- Problem statement: Only the lines from the line with "Eurowagon 1438-73 crew wagon 69" through the end of the records belong in your reply, copied exactly, with every picture left out.
—————
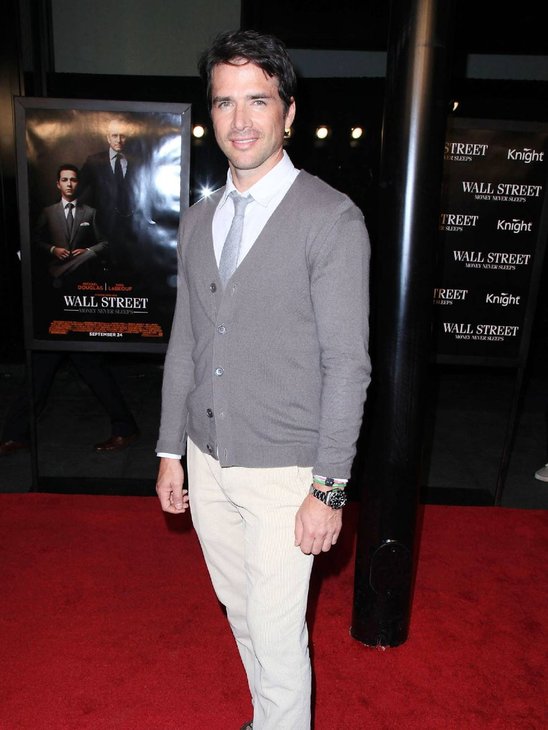 Matthew Settle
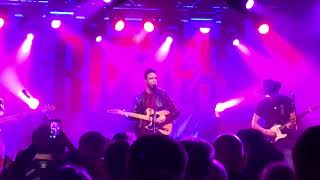 THE RIFLES@THE GARAGE,”NEVER BEEN THAT CLOSE”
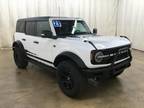 2023 Ford Bronco Base Advanced 4dr 4x4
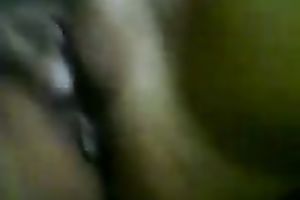 Exotic sweetheart likes when I play with her soaking juicy twat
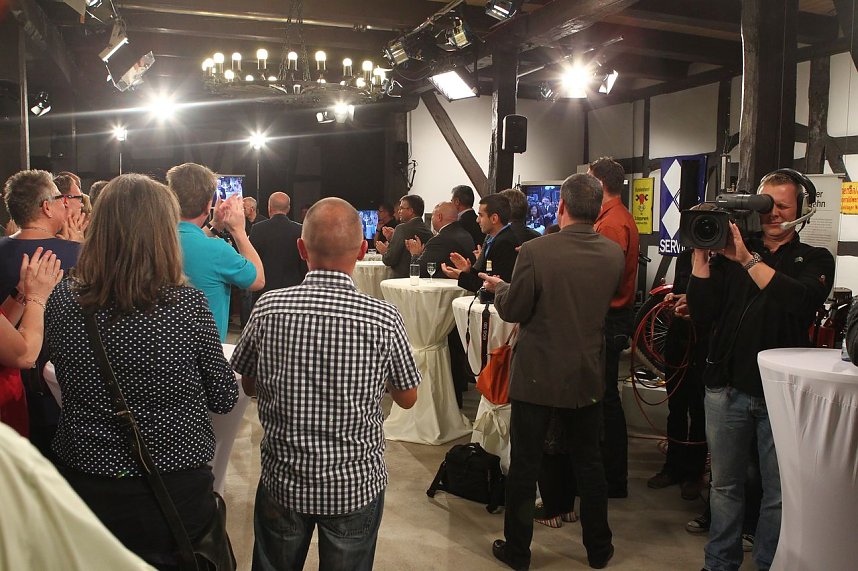 Live Schalte aus Nordhausen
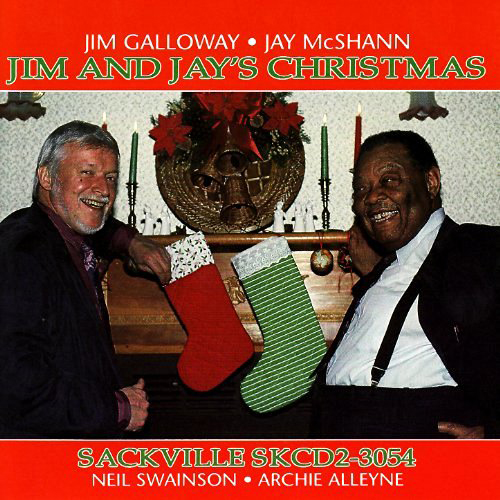 Jim and Jay's Christmas (image for) Jim and Jay's Christmas
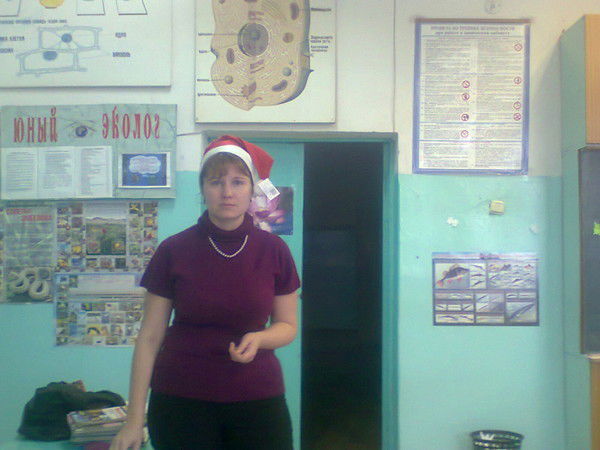 Мария Михайловна Струкова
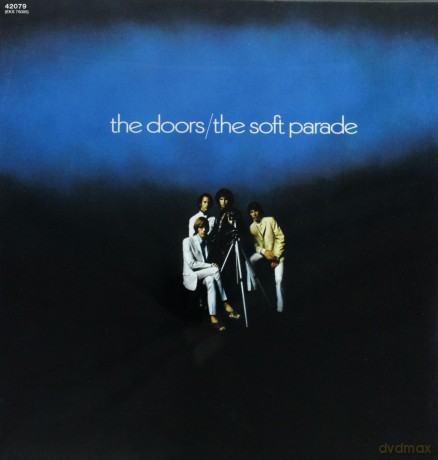 The Doors: Soft Parade [Winyl]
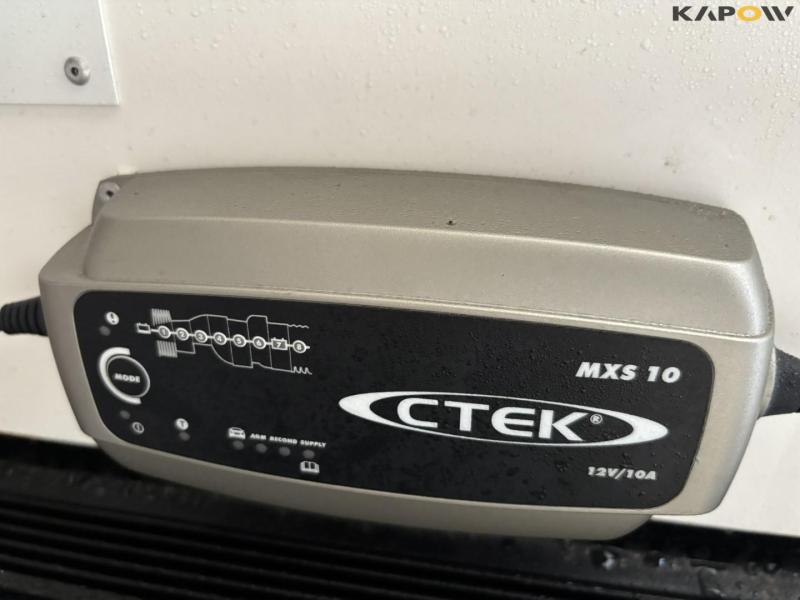 Eurowagon 1438-73 crew wagon 69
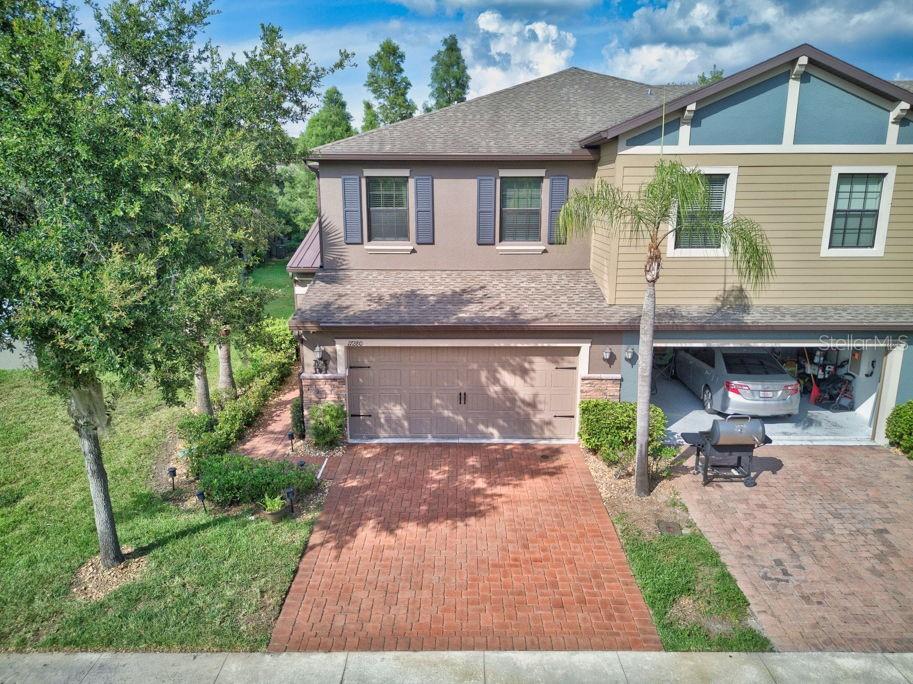 HIDDEN OAKS TWNHMS - Residential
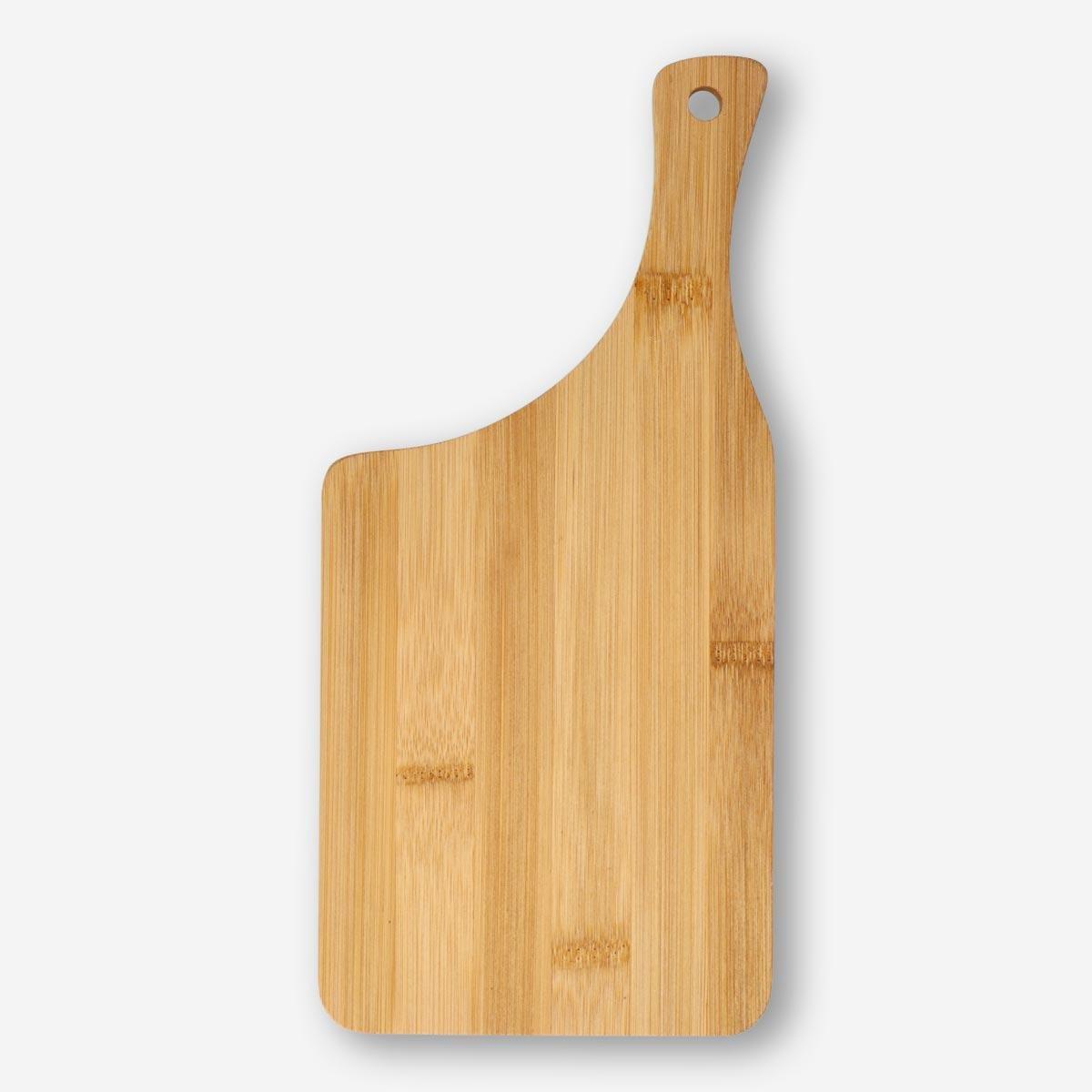 Wooden cutting board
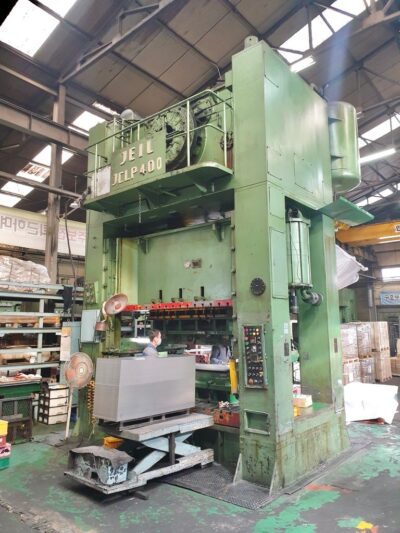 JEIL KOREA MODEL : JCLP - 400 - Image 1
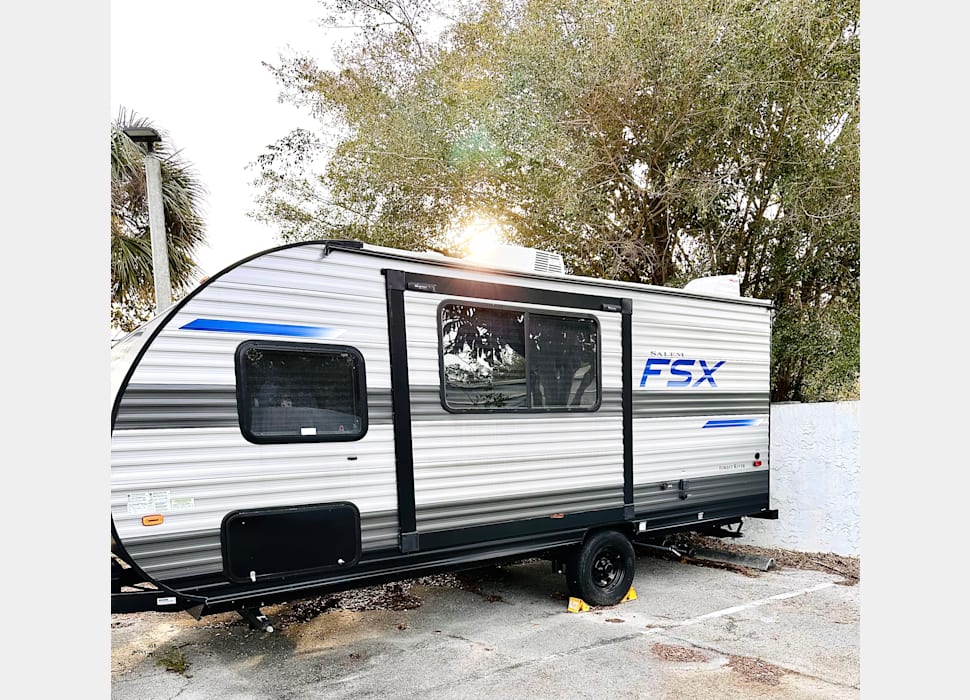 Cudjoe KeyRV rentals
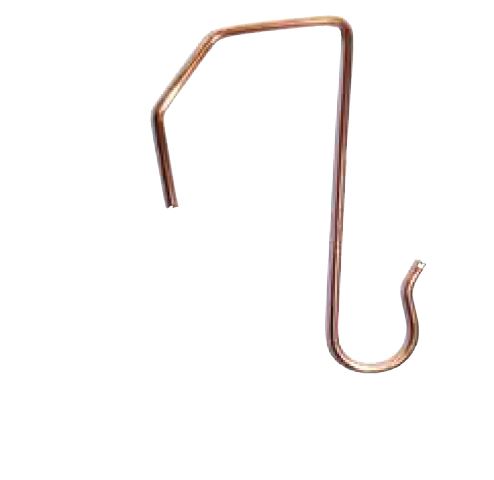 Cuivre crochet mono 451    1000pcs/bt eur/bt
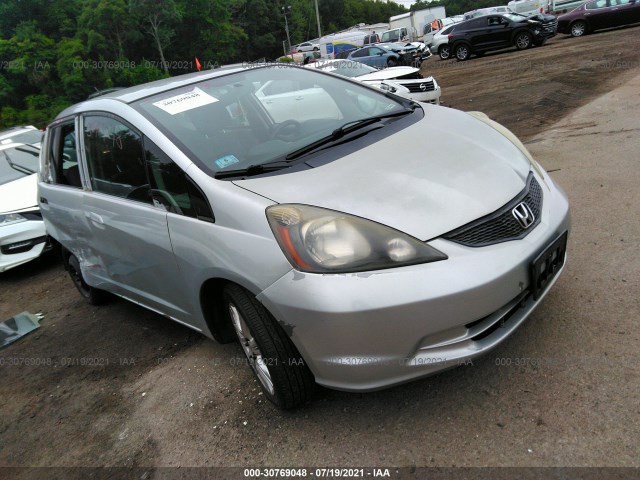 Honda Fit (2013)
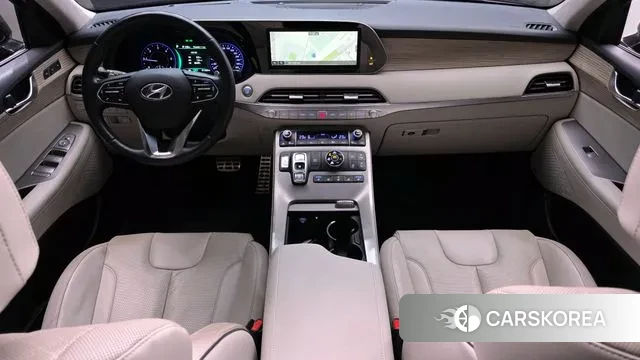 Hyundai Palisade id 3627072 из Кореи 17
—————
- Reply to the exercise:
 Eurowagon 1438-73 crew wagon 69
 HIDDEN OAKS TWNHMS - Residential
 Wooden cutting board
 JEIL KOREA MODEL : JCLP - 400 - Image 1
 Cudjoe KeyRV rentals
 Cuivre crochet mono 451    1000pcs/bt eur/bt
 Honda Fit (2013)
 Hyundai Palisade id 3627072 из Кореи 17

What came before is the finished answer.